■ Exercise prompt: All that is needed is an exact repetition of the lines from the one containing "Silikonski barvni ovitek" through the final line of the material, without pictures.

■ Stored data:
----------------

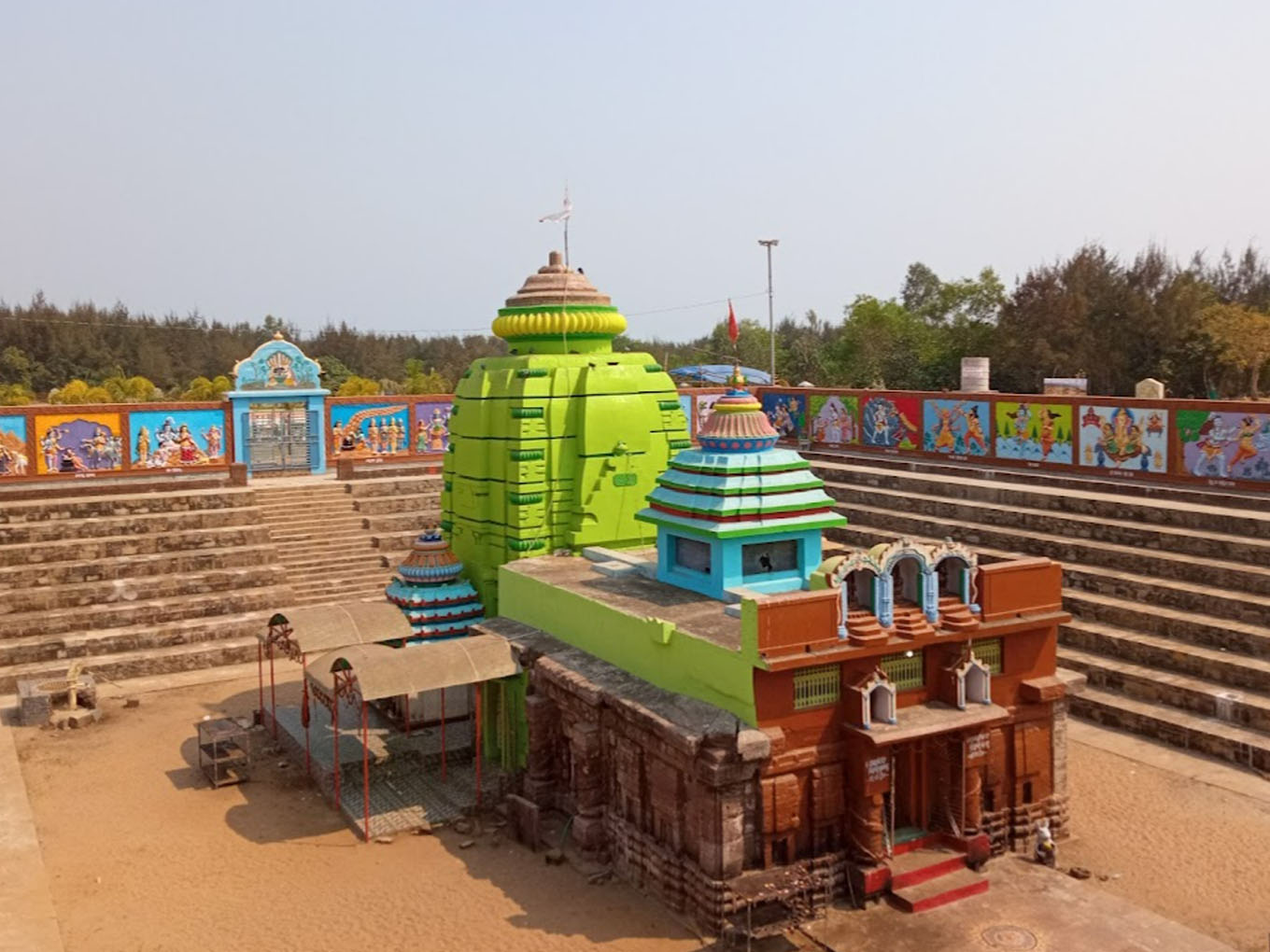 Bateswar Sea Beach & Temple, Ganjam, Odisha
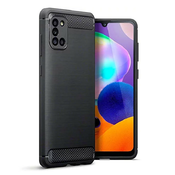 Silikonski barvni ovitek za Samsung Galaxy A31 - Carbon črna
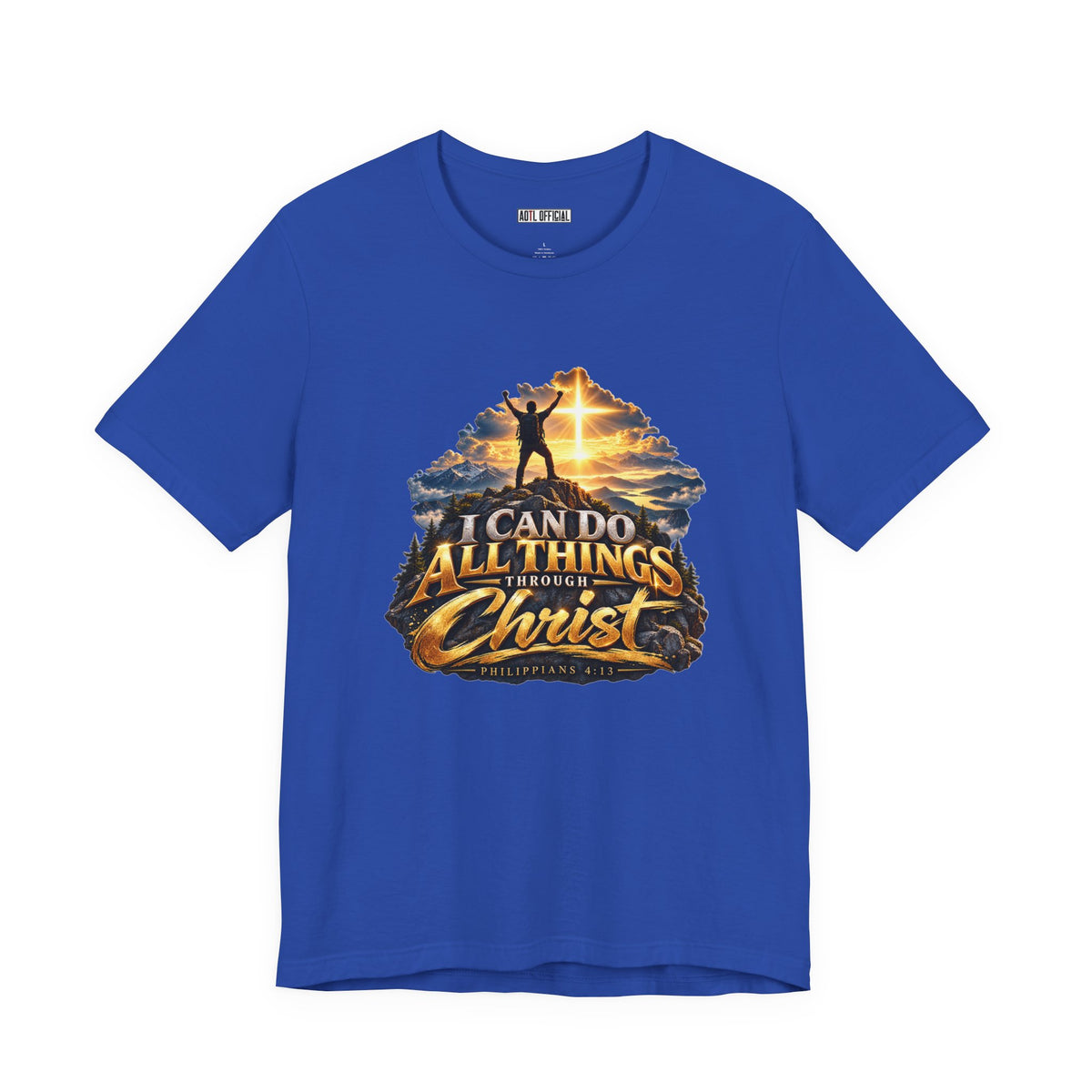 I Can Do All Things Through Christ – Philippians 4:13 Victory Design Christian T-shirt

----------------

■ Expected output:
 Silikonski barvni ovitek za Samsung Galaxy A31 - Carbon črna
 I Can Do All Things Through Christ – Philippians 4:13 Victory Design Christian T-shirt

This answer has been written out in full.